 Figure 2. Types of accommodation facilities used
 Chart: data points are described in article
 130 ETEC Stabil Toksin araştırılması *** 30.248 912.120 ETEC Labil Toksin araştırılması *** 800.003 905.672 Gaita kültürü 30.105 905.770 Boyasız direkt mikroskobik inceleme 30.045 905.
--
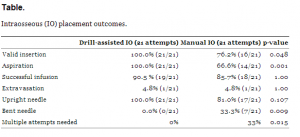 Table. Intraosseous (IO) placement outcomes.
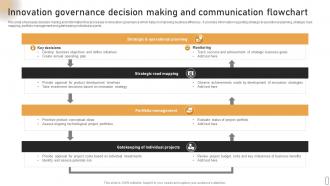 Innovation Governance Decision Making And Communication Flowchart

• What is required: Here the job is to set down exactly the lines of the material above that fall between the one with "Figure 2. Types" and the one with "130 ETEC Stabil", inclusive, and nothing beyond them.

• Exercise output:
 Figure 2. Types of accommodation facilities used
 Chart: data points are described in article
 130 ETEC Stabil Toksin araştırılması *** 30.248 912.120 ETEC Labil Toksin araştırılması *** 800.003 905.672 Gaita kültürü 30.105 905.770 Boyasız direkt mikroskobik inceleme 30.045 905.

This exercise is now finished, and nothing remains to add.